Package Design

Introduction

ResultModelManager is a package that aims to standardize the handling of data models across OHDSI Hades packages. This package is designed to have minimal requirements and be easily imported by others.

Problem statement

At the time of writing, OHDSI analytics packages have many different and specific results data models that can change between package versions. When changes occur to these data models occurs, old versions of dependent software become incompatible with new versions. Similarly, when applications that depend on these data models encounter these changes developers are either forced in to the following assumptions:

Old results will never work with new features
Old results cannot be easily “upgraded”
That new features of bug fixes to web applications can’t be applied to old data
That users can generate new results - these may have been generated by network studies
That results data models between two apps are immutable and cannot be readily changed
That developers will have to make one-off ‘hacks’ to support fixes to legacy results data models
That results generated at different times cannot be directly compared without significant time to massage data into a common format

Furthermore, as the Strategus package is being developed it has been noted that many existing analytics packages generate results that are in non standard formats.
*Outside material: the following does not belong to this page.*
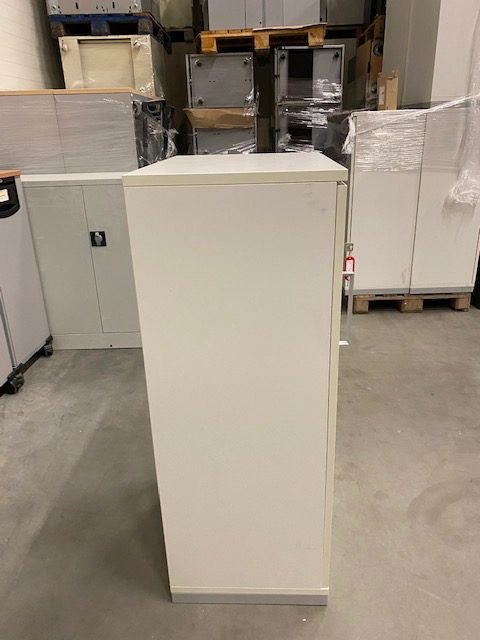 Balta Rakinama Spintelė 116 cm Aukščio, Olandija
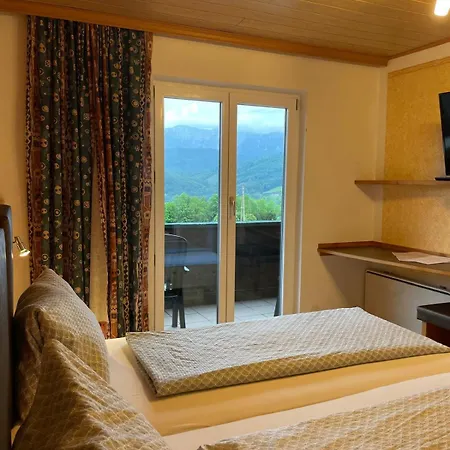 Pensjonat Schoeberingerhof Weyregg am Attersee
Any time data models are changed, this breaks any backwards compatibility.

Package name

Work in progress name: ResultModelManager (RMM or, phonetically, rum).

Package purpose

This goal of package is intended to provide common data model utilities that can be used across OHDSI packages. The initial focus will be on handling database migrations via a common interface that can be used within R packages to add new data models (where not existing), handle migrations to future versions, report the status of a given data model’s version, get migrations that are to be run and execute SQL scripts that change a data model in sequential order.

In addition, common functionality for defining and querying data models can be provided in a way that allows easier access to results data models for the purpose of post-collection data analysis.

This is similar in function to a software utility like flyway (used successfully in OHDSI WebAPI) - however, this is geared towards R and the OHDSI landscape of packages, with results that have been generated by ohdsi analytics packages and are intended to be explored using OHDSI open source reporting tools such as shiny and Rmarkdown. From analysis - it is not simple to expect users to install flyway, and would not be trivial to store and handle migrations in this way.

Scope and Intended Use

This package only intends to provide utilities for R Ohdsi packages that require exploration of results in a common way.

This package will mainly be used by OHDSI package maintainers and is not intended for users of those software. Though some functionality (such as alerting users to the fact that a data model is out of date) it will be up to the package maintainers to implement the interfaces provided here. In terms of Data model migrations and querying this package will provide a series of abstract base classes/interfaces (note: this distinction is hard to enforce within R6) that can be implemented within individual packages. The packages themselves will create classes that can perform the required tasks.

System Features and Requirements

General

Package dependencies

The obvious initial dependencies are ParrallelLogger, R6, DatabaseConnector and SqlRender. Beyond this the package should be fairly lightweight and should not require packages from outside CRAN. It is not an initial requirement that this package is in CRAN but all development should conform to this unless a requirement makes this impossible.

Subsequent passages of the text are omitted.